“Everyone in our family has seen a tiger, but today my mother could touch one. She patted on its back,” said Kamal Sharma who hosted a Royal Bengal tiger at his house in Kandhulimari village of Assam’s Golaghat district on Monday.
A sub-adult tiger swam into the peripheral village, just 200 metres from the flooded Agoratoli range of Kaziranga National Park, and took shelter under the thatched goat shed inside Sharma’s house. It stayed all night in close proximity with the goats before returning to the highlands the next day at dusk, causing no harm to livestock or humans.
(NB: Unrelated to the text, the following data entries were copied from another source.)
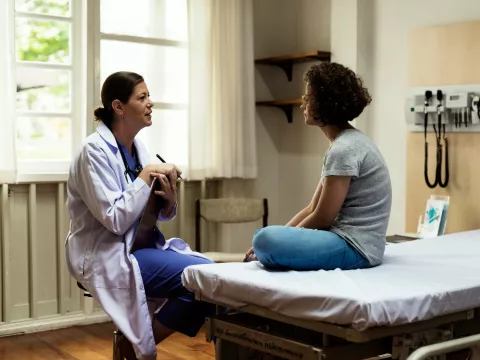 A young woman sits in a hospital room and talks about her health and wellness with her primary care doctor.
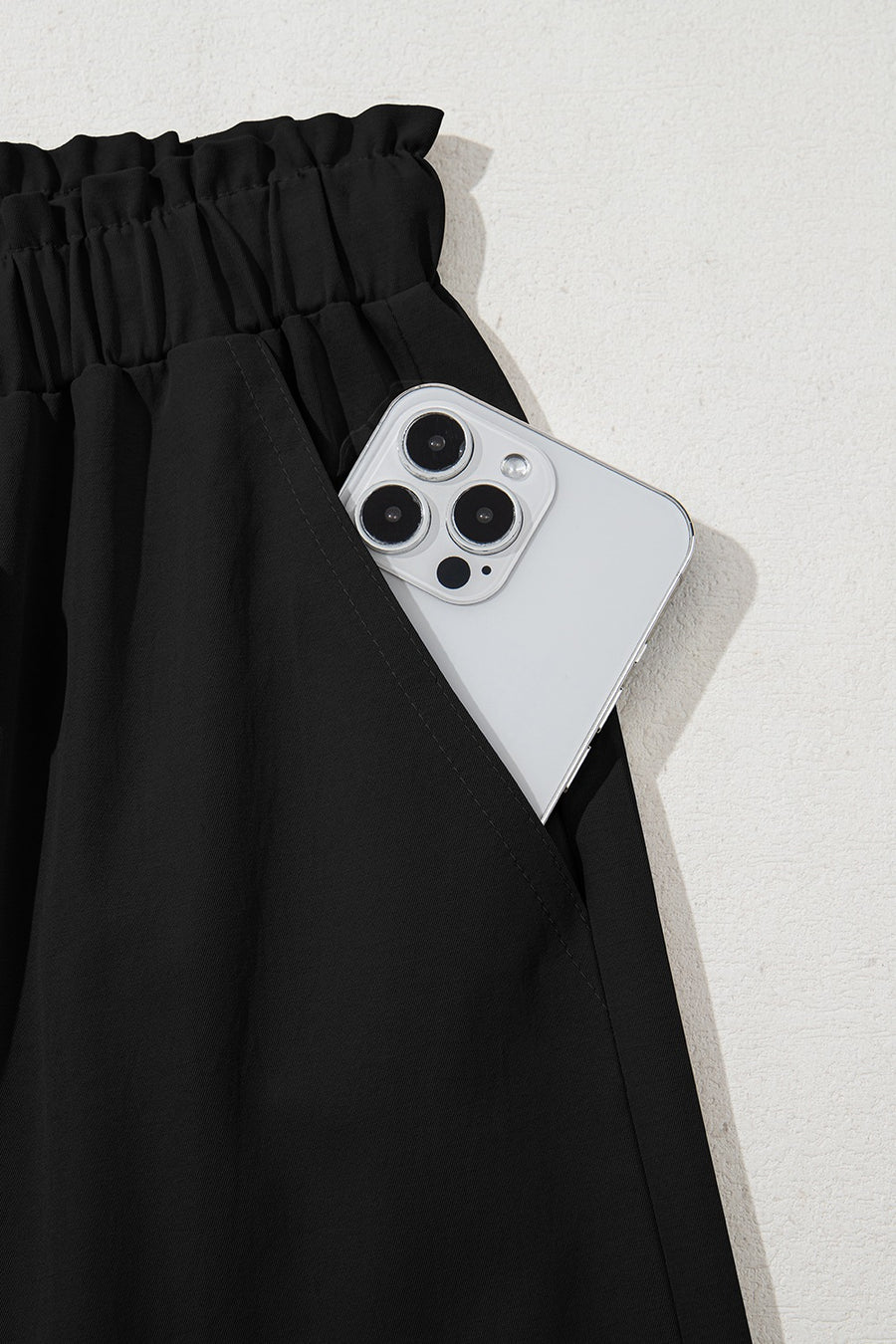Black cropped drawstring pants with elastic waist and pocket holding a smartphone.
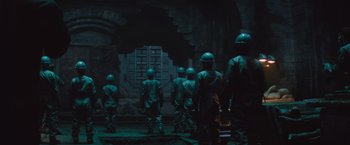 Movie still from “The Mummy” (2017), directed by Alex Kurtzman – A group of men in green uniforms standing in a dark room; Wide shot, Low angle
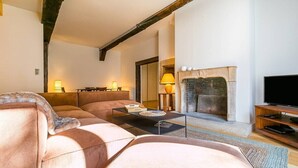 Una sala de estar con sofá, mesa de centro, chimenea y televisor.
“We heard noises at around 1.30am, but I did not bother to look. The next morning, we saw fresh pug marks on the ground, and believed it was a tiger that might have rested for a while and gone. My mother went inside the goat shed to feed them hay and clean the place when she saw a sack-like object lying below in the water. She touched it and without uttering a word hurried back to the house. She was shivering for nearly 15 minutes and told us it was a tiger,” said Sharma, a dairy farmer in the area.
“I saw the tiger from three feet away. It was sleeping. My mother said it was heavily panting in the morning. The poor animal must have been tired, and it rested in my courtyard – a very safe place for it to be,” exclaimed Sharma.
The tiger had strayed from the submerged areas inside the forest to move to the higher reaches. The annual flood in Assam has inundated nearly 95% of Kaziranga National Park and Tiger Reserve. Finding no other place, the big cat took shelter beneath the fenced goat shed with only its head sticking out of the water. After an 11-hour wait, the animal was given safe passage.
Sharma had called the forest department helpline to report the incident. A team of officials led by Ranger Bidyut Bikash Bora of the Eastern Range reached the spot and immediately cordoned off the area. He was joined by the Director of Kaziranga National Park, P Sivakumar and Divisional Forest Officer, Ramesh Kumar Gogoi. The crowd that had gathered around the place was cleared by forest guards.
An expert team from the Centre for Wildlife Rehabilitation and Conservation (CWRC), the lead agency that takes charge of such rescue operations, also reached the spot.
“The tiger wanted to go to the highland as there is water inside the park. Because it was tired and stressed out, it took a rest under this machaan, the goat shed. We first set the goats free by cutting off the ropes. And we also wanted to give a safe passage to the tiger so that it can swim back to the park or move towards the highland.
Tranquilising the animal was not required as there was water all around, and the shed was barricaded,” explained Dr Samshul Ali, a wildlife veterinarian, who was part of another well-orchestrated rescue of a Royal Bengal tiger that had moved out of Bagori range of Kaziranga during floods last year.
All the while, foresters stood guard outside Sharma’s house and waited for the tiger to come out in the evening.
“The villagers fully cooperated in this rescue mission. We did not need to tranquilise the tiger. We were hopeful it would make its way back into the park, and it did,” said Sivakumar, adding that it was a bigger challenge last year because of the crowd that had gathered outside the residence of the villager in whose house a tiger had taken shelter atop a bed. A safe passage was also given to the tiger then.
On Tuesday, two tigers strayed out of the park’s Western Range and approached the Baghmari village area. At the time of filing this report, one of the tigers was chased away towards the Karbi Anglong Hills, and another was said to be resting near the national highway 37, according to officials.
“Because of floods, the animals are trying to move to the higher reaches of Karbi hills through NH-37. One tiger was disturbed by the stray dogs in the fringe village but has now crossed the road and safely reached the hills. Another is still resting near the highway and tried to attack people, so we have stopped traffic and will try to chase it to the hills,” said Sivakumar.
According to latest reports, 51 animals have died in Kaziranga National Park due to floods this year. While 14 anti-poaching camps have been vacated, 223 camps in Agaratoli, Bagori, Burapahar and Bokakhat ranges of the park have been inundated. With help from locals, over a hundred animals have been rescued so far by forest officials and the CWRC team, and 83 animals have been released after treatment. Since the past four days, the Brahmaputra is still flowing above the danger level at Neamatighat in Jorhat district, Dhansirimukh in Golaghat and Tezpur in Sonitpur district of Assam.